Yes, DDD is coded to call the HHH0 deciding on it.
> LIAR. You know that the meaning of the finite string is defined by the
> semantics of the x86 language.

> As Christ said as ye judge ye shall be judged so I do wish the same
> thing upon myself. If I am on the wrong path then I sincerely wish for
> the minimum adversity required to definitely set me on the right path.
Thanks for the permission. Your minimum seems to be quite high.
Not sure I want to fulfill your wishes.

>> Halting DEFINES the meaning/behavior to be that of the directly run
>> program represented by the input.
> That makes it contradict one of its own axioms, thus conclusively
> proving that it is incorrect:
WTF? What contradiction? How can "halting" even be incorrect?

>> The problem is that the "behavior" that the finite string DDD presents
>> to HH0, is DEFINED by the problem.
> LIAR. It is defined by the semantics of the x86 language.
This is just silly. The x86 code of DDD is defined to call HH0.

>> And if that problem is the Halting Problem, that behavior is the
>> behavior of the machine the input represents. If HH0 treats the input
>> as having a different behavior, then HH0 just isn't a Halting Decider,
>> but something else.
>> If HH0 is supposed to be a Halting decider, but uses a method that
>> makes it see something other than that behavior, then it is just an
>> incorrect Halting Decider, and its algorithm just creates an incorrect
>> recreation of the property of the input it is supposed to be working
>> on.
Exactly. Like you say, it must follow the semantics of its input.

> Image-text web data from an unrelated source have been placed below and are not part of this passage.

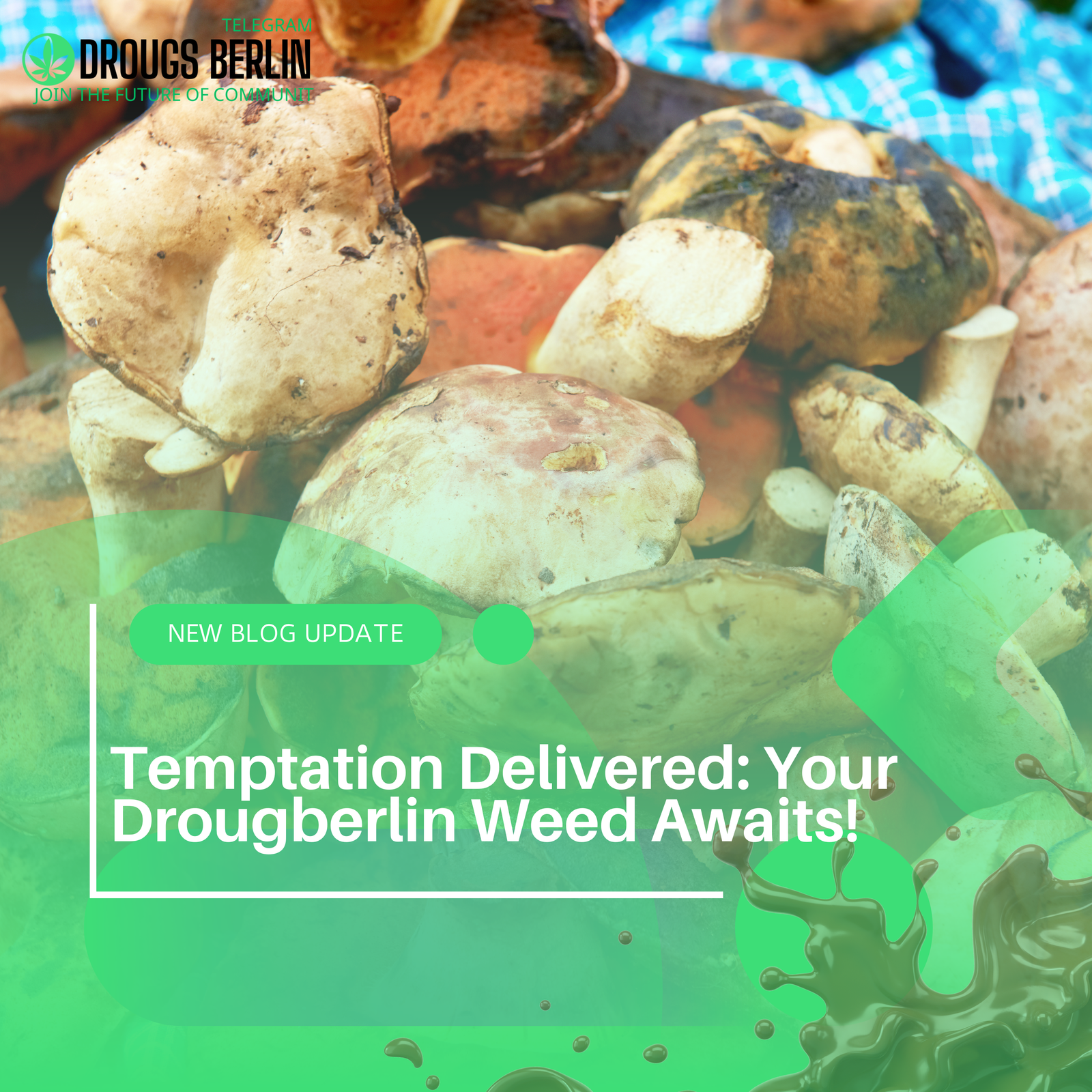 Temptation Delivered: Your Drougberlin Weed Awaits!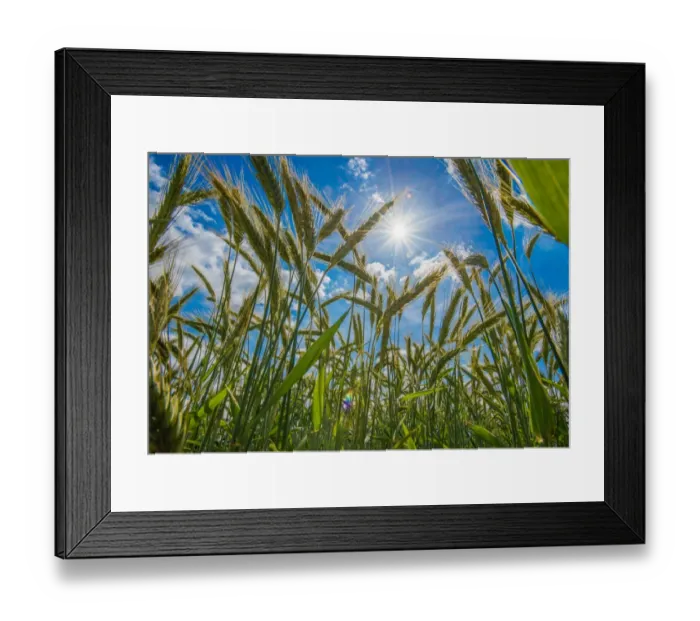 Framed Print : Barley (Hordeum vulgare) crop, ripening seedheads in field with sun shining, Cambridgeshire, England, June Framed Print : Barley (Hordeum vulgare) crop, ripening seedheads in field with sun shining, Cambridgeshire, England, June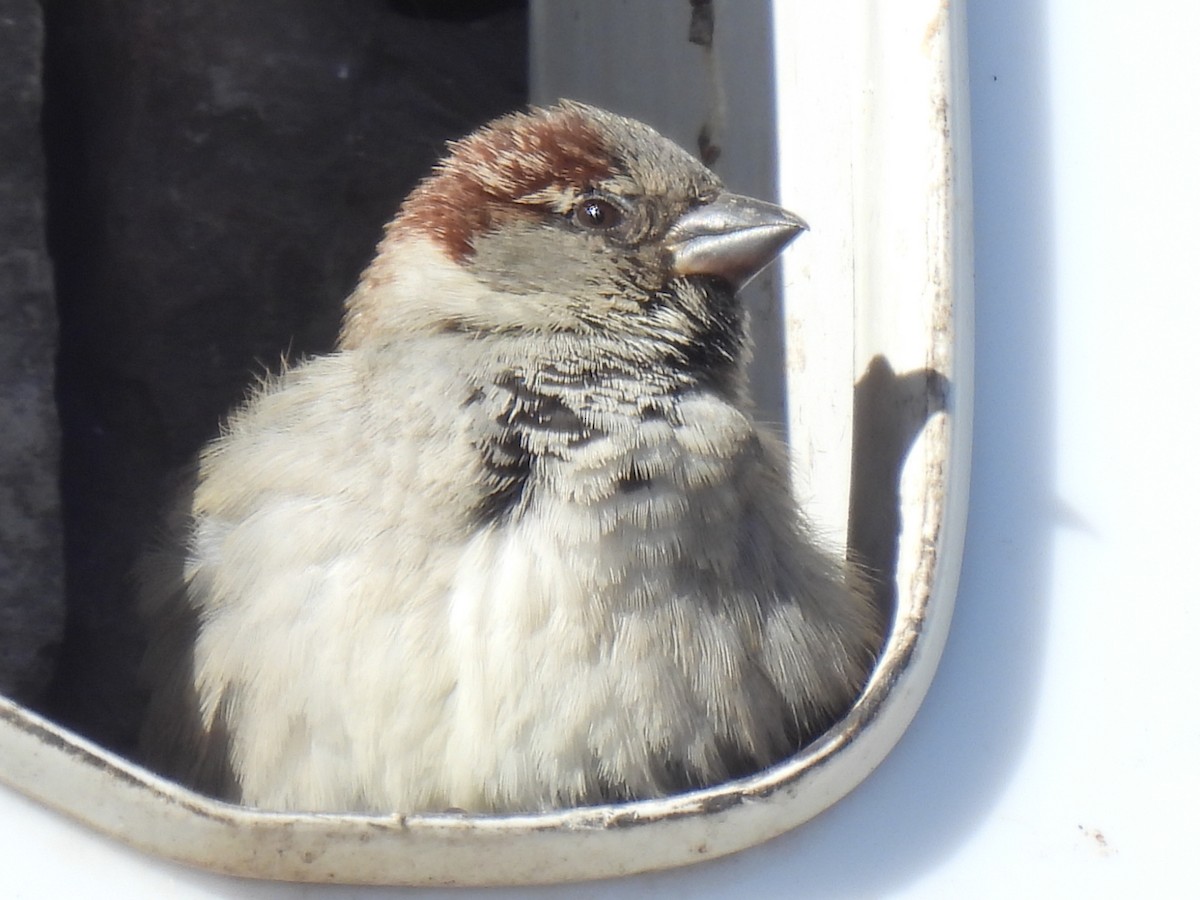 vrabec domácí - ML649679315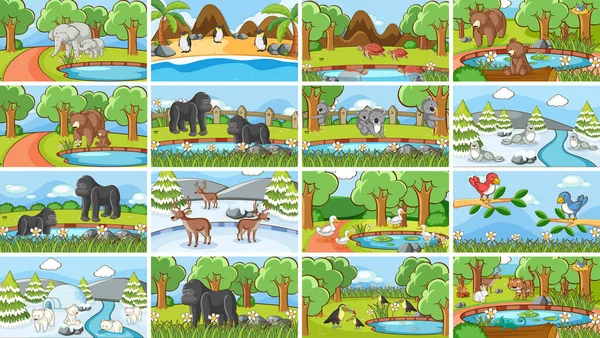 Escenas de fondo de animales en la naturaleza — Vector de stock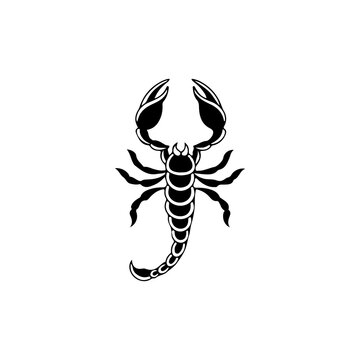 black scorpion vector illustration concept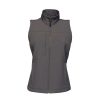 New Regatta Womens/Ladies Flux Soft Shell Bodywarmer ( ) Seal Gray/Seal Gray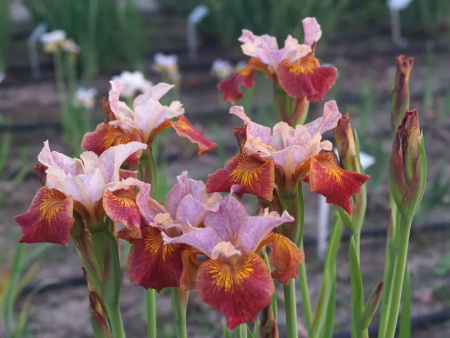 НоменклатураПрисоединенныеФайлы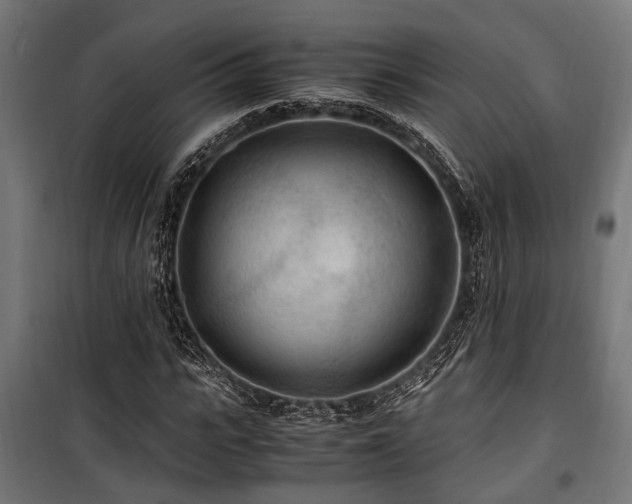 X0000100860919200806201213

> The input to HHH0(DDD) includes itself.
> The input to HHH1(DDD) DOES NOT include itself.
Yes, both include HHH0. The second case is boring.

> DDD correctly emulated by HHH0 correctly determines that the call from
> the emulated DDD to HHH0 DOES NOT RETURN.
*incorrectly
> DDD correctly emulated by HHH1 correctly determines that the call from
> the emulated DDD to HHH0 DOES RETURN.

-- 
Man kann mit dunklen Zahlen nicht rechnen. Für die eigentliche Mathematik 
sind sie vollkommen nutzlos. --Wolfgang Mückenheim